Where a Strongman Failed, Women Are Now Fueling a Democratic Revival


It was a brief remark during a mundane session of Parliament. But to Harini Amarasuriya, Sri Lanka’s prime minister, it was the moment she realized that her country, wrecked not long ago by strongman leaders and their populist politics, had entered a potentially transformative moment for women.

A male colleague (and “not a very feminist” one, as Dr. Amarasuriya described him) stood up to say that the island nation could not get more women into the formal work force unless it officially recognized the “care economy” — work caring for others.

To Dr. Amarasuriya, it was “one of the biggest thrills” to hear language in government that had long been confined to activists or to largely forgotten gender departments. “I was like, ‘OK, all those years of fighting with you have paid off,’” she said with a laugh during an interview in December at her office in Colombo, the capital.

Two years after Sri Lankans rose up and cast out a political dynasty whose profligacy had brought economic ruin, the country is in the midst of a once-in-a-lifetime reinvention.

Anger has steadied into a quieter resolve for wholesale change. Through a pair of national elections last year, for president and for Parliament, the old elite that had governed for decades was decimated. A leftist movement has risen in its place, promising a more equal society.

As the country’s democracy rebounds, opportunities are opening for women.

Women were a driving force behind the protest movement that forced Sri Lanka’s president to flee in July 2022. When the country all but ran out of cash and fuel, the burden fell disproportionately on women, who shoulder the domestic load. Their rage sent them into the streets.

Now, women are at the center of efforts to give the country lasting protections against the whims of strongmen. Women are also doing the slow and steady work of shaping a political culture that allows them equal space.

Women, who make up 56 percent of registered voters, were crucial to the electoral victories late last year by National People’s Power, a small leftist outfit.

President Anura Kumara Dissanayake, the party’s leader, has spent his life in leftist politics. He appointed Dr. Amarasuriya, a sociologist and activist, as prime minister, the country’s second-most-powerful post. She is the first woman to hold such a high post in South Asia who was not the wife or daughter of a previous top leader.

In September, as she prepared to take office, Dr. Amarasuriya was nursing a cold when New York Times reporters visited her home, its walls covered in cat art. One of her four cats was giving her attitude, she said, faking a limp as she tried to feed her.

She was keeping an eye on the political debates in the United States, where she spent a year as an exchange student. “I guess I am one of those ‘childless cat ladies,’” she said with a smile, referring to a dismissive comment by now-Vice President JD Vance that became a rallying cry for some American women.

Dr. Amarasuriya has long preached that a more equal society cannot be achieved without making governance more friendly to women, injecting what she calls “feminist sensitivity” into policymaking.

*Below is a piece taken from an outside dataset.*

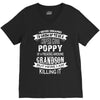 Super Cool Poppy Of A Freaking Awesome Grandson V-Neck Tee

The new government is taking up policy debates on improving pay parity and making work environments better for women. It hopes to raise the rate of female participation in the formal work force to about 50 percent, up from 33 percent. The governing party is doubling down on its efforts to mobilize women politically to ensure that this moment is not fleeting.

It is “a change of the way you think about government, the way you think about power and authority,” Dr. Amarasuriya said.

Some of the earliest actions have included ending the V.I.P. culture around politics. Gone are the long motorcades, large security details and lavish mansions for ministers. The president has slashed his traveling entourage. The prime minister’s compound, which under its previous occupant buzzed with the activity of over 100 staff members, now has a library-like quiet, as Dr. Amarasuriya works with a staff of just a dozen.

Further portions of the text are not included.